En effet, à la différence des soubresauts parfois dramatiques dont le pays a été le théâtre pendant et après cette concertation nationale – les tragiques événements du 20 octobre 2022 et l’assassinat, fin février 2024, de Yaya Dillo, président du Parti socialiste sans frontières –, toutes les séquences de consolidation du processus démocratique qui ont suivi se sont déroulées dans le calme et le respect de la cohésion sociale en dépit des ratés constatés.

Étape importante

Avec les élections législatives, locales et provinciales du 29 décembre 2024, le Tchad vient de franchir une étape politique importante pour au moins deux raisons :

La première raison tient à l’implémentation de la séparation des pouvoirs. Les institutions issues de la Transition souffraient toutes d’un déficit de légitimité démocratique, car elles ont été mises en place dans une conjoncture singulière et une situation d’exception. Elles émanaient d’une charte dont l’adoption aura été décidée dans une conjoncture similaire. Le référendum constitutionnel du 17 décembre 2023 et l’élection présidentielle du 6 mai 2025 ont amorcé une dynamique de mise en place d’un ordre véritablement démocratique à travers le test indispensable de la consultation populaire.
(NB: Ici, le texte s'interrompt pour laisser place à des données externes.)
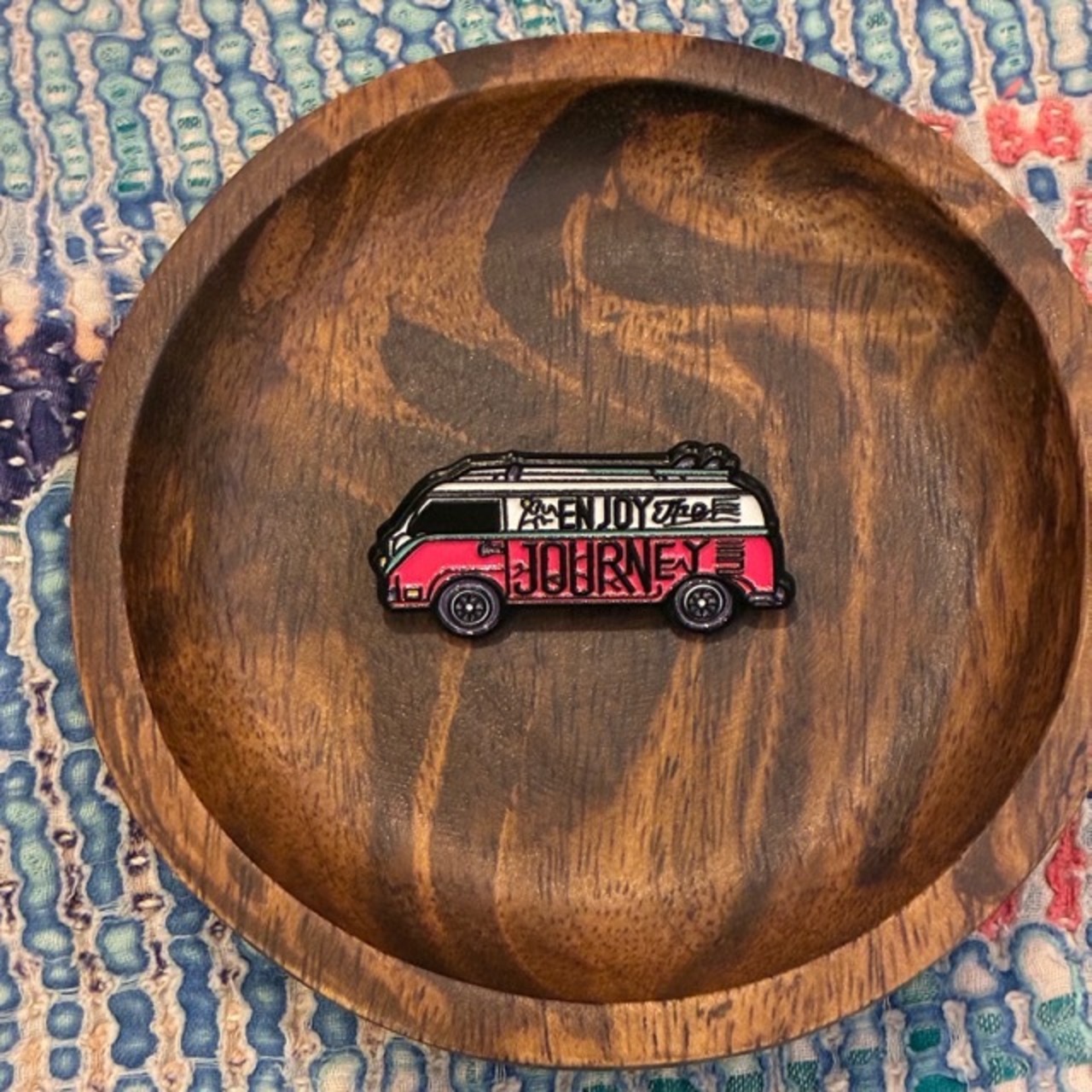 TOPANGA Jewelry Pin Brooch  Enjoy journey　ピンブローチ　エンジョイジャーニー　ジャケット　キャップ　プレゼント　プチギフト　バス　ワゴン　ピンク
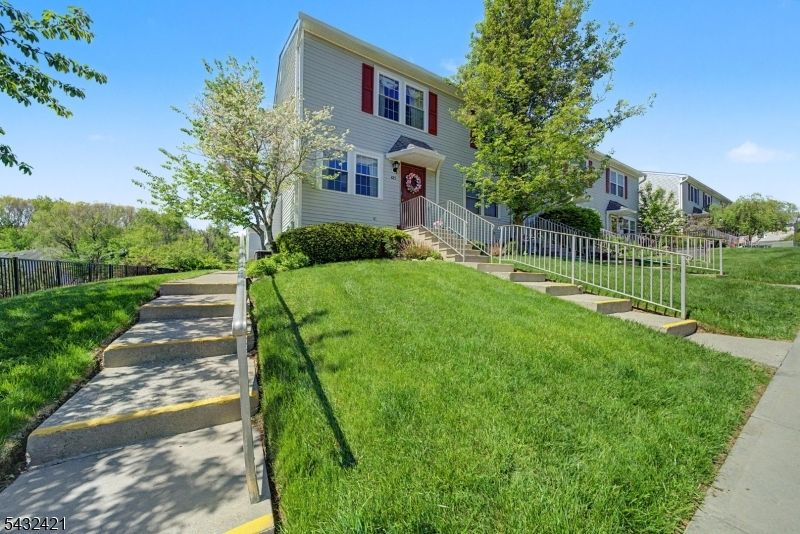825 Sierra Dr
La nouvelle Assemblée nationale, installée le 4 février 2025, remplace le Conseil national de transition (CNT) et vient donner sens à la nécessaire séparation des pouvoirs qui constitue le socle de toute société politique démocratique.

Évidemment, certains pourraient rétorquer que la configuration de la nouvelle Assemblée nationale étant acquise à l’exécutif, on ne pourrait conclure à proprement parler à une séparation des pouvoirs.
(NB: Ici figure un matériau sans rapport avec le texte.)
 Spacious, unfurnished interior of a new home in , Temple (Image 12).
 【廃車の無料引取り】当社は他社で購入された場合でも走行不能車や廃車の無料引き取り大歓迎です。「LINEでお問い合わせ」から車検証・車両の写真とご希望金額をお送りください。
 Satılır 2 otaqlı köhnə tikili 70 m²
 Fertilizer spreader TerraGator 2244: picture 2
C’est ici qu’il y a lieu de relever le second argument qui justifie l’importance des récentes élections législatives pour la démocratie tchadienne. Un député n’est pas seulement l’élu d’une formation politique, mais de la nation. Il a un mandat impératif, national. À ce titre, il est le porte-voix de tout citoyen et assume cette fonction républicaine du fait de l’aura qui entoure sa légitimité. Sa fonction n’est pas réductible à l’examen ou au vote mécanique des textes de loi qui lui sont soumis par l’exécutif. Sa proximité avec le peuple, dans la diversité de ses sensibilités politiques et de ses composantes sociales, lui permet de relayer vers le pouvoir central des aspirations ou des demandes légitimes que ne perçoivent pas toujours les technocrates du pouvoir central.
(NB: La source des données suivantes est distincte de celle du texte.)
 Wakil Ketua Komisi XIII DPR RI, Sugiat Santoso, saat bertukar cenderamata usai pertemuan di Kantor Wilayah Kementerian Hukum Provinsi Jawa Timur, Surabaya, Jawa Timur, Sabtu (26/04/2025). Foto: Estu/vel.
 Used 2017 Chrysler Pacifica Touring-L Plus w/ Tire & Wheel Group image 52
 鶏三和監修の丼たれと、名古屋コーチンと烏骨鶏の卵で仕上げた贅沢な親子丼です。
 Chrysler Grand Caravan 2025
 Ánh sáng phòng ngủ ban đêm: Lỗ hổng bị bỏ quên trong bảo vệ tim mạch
Analyse de la configuration de la nouvelle Assemblée nationale

La configuration de la nouvelle Assemblée nationale appelle également des observations non moins importantes.

Le Mouvement patriotique du salut (MPS), le parti au pouvoir depuis 1990, sort renforcé de ces élections avec 124 élus sur 188 et 52 sièges pour ses alliés. Le parti que dirige à présent Mahamat Idriss Déby Itno obtient une confortable majorité qui lui permettra de mettre en œuvre son programme de gouvernement pour lequel son chef a été élu. Cette large domination du MPS l’oblige donc envers le peuple tchadien.

Les attentes légitimes et nombreuses de ce peuple envers la nouvelle majorité parlementaire devraient être satisfaites au moins en majorité dès lors qu’il existe une nette convergence de vues entre le législatif et l’exécutif.

Par conséquent, c’est sur le terrain des réalisations que ces députés, au terme de leur mandat, sont attendus par leurs électeurs pour l’incontournable reddition des comptes, y compris ceux qui ne leur ont pas apporté leurs suffrages.

Par ailleurs, les mêmes résultats révèlent un net recul des forces d’opposition sous Idriss Déby Itno et notamment l’Union nationale pour le développement et le renouveau (UNDR) de l’ancien Premier ministre et actuel Médiateur de la République, Saleh Kebzabo. Le parti de l’ancien chef de file de l’opposition, et l’un des principaux soutiens de Mahamat Idriss Déby Itno lors de la présidentielle du 6 mai 2024, n’obtient que huit sièges, à peine ce qui est requis pour constituer un groupe parlementaire.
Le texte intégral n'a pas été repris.